I have another stop on the “Down With MOOCs” World Tour on Wednesday. Thanks to my friend Dean Saitta, I got invited to address the University of Denver’s Strategic Issues Panel on the Future of Higher Education. If you’re up in the capitol city of our fair state this Wednesday the 17th (two days from now), I’m speaking at 10:50AM in the Anderson Academic Commons.
What do I know about the future of higher education? After all, I’m the “Down With MOOCs” guy, not the future of higher education guy. Actually, MOOCs can tell us a lot about the future of higher education. Most notably, to elaborate on a point I made last week, why is anybody worrying themselves to death about access to higher education in the rest of the world when we can’t take care of the students we have now?:
[O]nly a bit more than half of all US students enrolled in four-year colleges and universities complete their degrees within six years, and only 29% who start two year degrees finish them within three years. America is last in graduation rate among 18 countries assessed in 2010 by the OECD. Things used to be better; in the late 1960s, nearly half of all college students got done in four years.
Of course, everyone who takes out student loans to go to college still has to pay them back whether they get a degree or not. However, the schools getting their money don’t really care as long as they have more students to replace them. MOOCs offer the tantalizing prospect of an unlimited supply of students to suck up.
Unfortunately, like that vacuum beast from the Beatles’ Yellow Submarine movie, eventually there will be nothing to left for higher education to suck up except for itself. Indeed, as Michael Carley writes, that process may actually have started already:
The mooc is the end (?) of the process of turning universities into the educational equivalent of vanity publishers: your name on a colourful document of little substance. For now, human contact, with academics, non-academics, other students, and students of other disciplines, is keeping universities in the apostolic succession from Plato’s focus groups. The danger of the mooc is not that it will destroy higher education, but that it will reveal the destruction that is already happening, and take us to a point of no return, where universities will quite openly offer nothing but a brand to be stamped on graduates, who are paying good money for shoddy goods, neither a head start in employment, nor intellectual enrichment.

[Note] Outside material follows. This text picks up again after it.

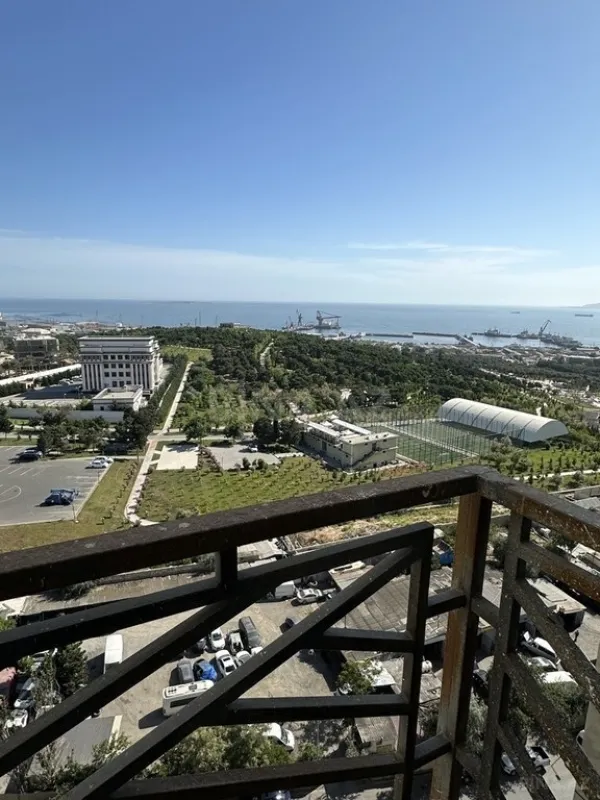 Satılır 3 otaqlı mənzil 155 m²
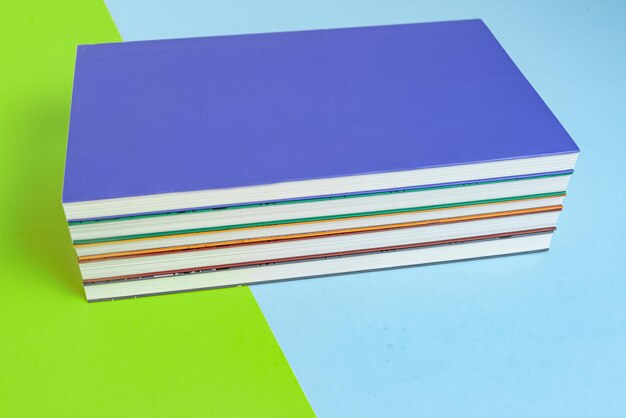 Fysisches Papierbuch über Hintergrundnäherung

Grow your way out is not a smart strategy for survival in our troubled economy. You can have the best university in the world, but nobody will attend it if they can’t afford to go there or have few job prospects should they actually graduate.
Aside from the obvious moral problems with treating your less successful existing students like (to borrow a phrase from Bousquet) an academic waste product, this becomes much harder to do when the largest, most successful schools in the country are literally treating your already cash-strapped students as a new revenue stream. Perhaps, as more and more schools go belly up irrespective of MOOC madness, the people running the precarious ones that are left will be smart enough to treat their campuses as vulture-free zones.